'Hidup / Mati' BPJS Kesehatan di Tangan Sri Mulyani

Menteri Keuangan Sri Mulyani Indrawati

KILASARIAU.com - Menteri Keuangan Sri Mulyani Indrawati menjadi sosok penentu bagi BPJS Kesehatan yang dilanda kabar tidak sedap. BPJS Kesehatan diproyeksi bakal tekor Rp 28 triliun hingga akhir 2019.

Mantan Direktur Pelaksana Bank Dunia ini pun mengaku akan menyelesaikan persoalan defisit tersebut dengan menyuntikkan modal. Hanya saja, hal tersebut tidak semudah membalikkan telapak tangan.

Sri Mulyani memberikan segudang syarat kepada BPJS Kesehatan demi mendapatkan pertolongan pemerintah. Apa saja syaratnya?

Sri Mulyani mengungkapkan, potensi tekor yang dialami BPJS Kesehatan sebesar Rp 28 triliun hingga akhir 2019 terindikasi terjadi fraud.

Fraud atau kecurangan tersebut dikarenakan over klaim pada sistem layanan BPJS Kesehatan secara menyeluruh. Mulai data kepesertaan sampai kepada sistem rujukan, antara Puskesmas, rumah sakit, ke BPJS, serta sistem tagihan yang perlu diperbaiki.

"Masih ada beberapa kemarin indikasi kemungkinan terjadi fraud, itu perlu di-address," kata Sri Mulyani di gedung Bank Indonesia, Jakarta, Selasa (30/7/2019).

Sri Mulyani menceritakan Presiden Jokowi dan Wapres Jusuf Kalla (JK) sepakat meminta Kementerian Kesehatan dan BPJS Kesehatan untuk membenahi sistem pelayanan secara menyeluruh, salah satunya adalah menyeimbangkan antara iuran dengan manfaat yang didapatkan.

Pasalnya, kata Sri Mulyani, hasil audit BPKP ditemukan terjadi over klaim lantaran banyak tagihan yang tidak sesuai fakta.

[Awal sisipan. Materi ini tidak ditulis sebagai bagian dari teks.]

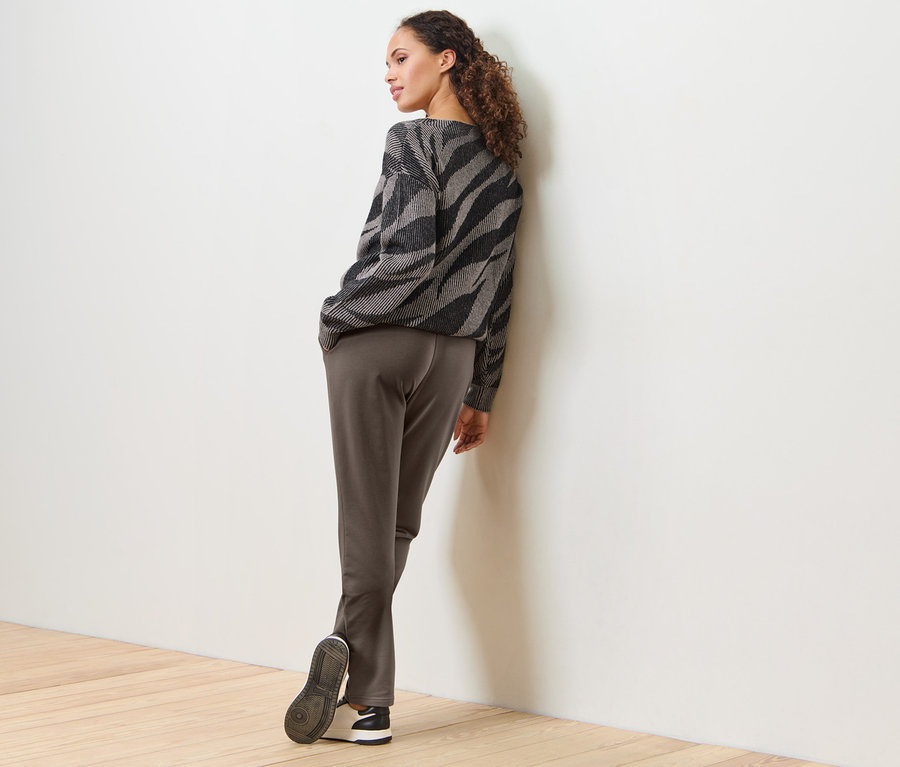 Frau lehnt an einer weissen Wand und trägt eine Joggpants und einen gemusterten Pullover.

Wanita yang akrab disapa Ani ini mempertimbangkan untuk merevisi iuran BPJS Kesehatan demi menyelamatkan dari jurang defisit sebesar Rp 28 triliun.

Hanya saja, kata Sri Mulyani, langkah yang harus dilakukan BPJS Kesehatan adalah membenahi sistem pelayanan secara menyeluruh.

"Kalaupun semua sudah dilakukan tetap kita harus review masalah tarif ini, karena perbaikan sistem salah satu pondasi penting juga ada tadi saya sampaikan keseimbangan antara berapa tarif yang harusnya dipungut untuk berbagai segmen masyarakat yang ikut BPJS, kan beda-beda," jelas Sri Mulyani di gedung BI, Jakarta, Selasa (30/7/2019).

Kajian penyesuaian iuran, lanjut Sri Mulyani, juga harus disesuaikan dengan profil masing-masing peserta. Sehingga ada keseimbangan antara benefit dengan pelayanan yang diberikan.

Sri Mulyani mengaku siap kembali menyuntikkan modal kepada BPJS Kesehatan yang berpotensi defisit sebesar Rp 28 triliun hingga akhir 2019. Hanya saja, Sri Mulyani memberikan syarat bagi BPJS Kesehatan untuk mendapatkan suntikan modal. Syaratnya adalah perbaikan sistem secara menyeluruh.

"Kalau pemerintah akan turun tangan lakukan injeksi harus diyakinkan bahwa itu menjadi trigger bagi perbaikan sistem," kata Sri Mulyani di gedung BI, Jakarta, Selasa (30/7/2019).

Dia menyebut, perbaikan sistem layanan kesehatan yang dimaksud mendata ulang mengenai kepesertaan, sistem rujukan antara fasilitas kesehatan tingkat I, rumah sakit dengan BPJS Kesehatan, sistem tagihan klaim.

Selanjutnya, Sri Mulyani juga menginginkan peran Pemerintah Daerah (Pemda) memiliki peran lebih dalam memverifikasi data kepesertaan, lalu pengawasan mengenai layanan rumah sakit yang harus diperbaiki.

Dengan perbaikan sistem layanan secara menyeluruh, maka pemerintah pun tidak segan kembali menyuntikkan modalnya.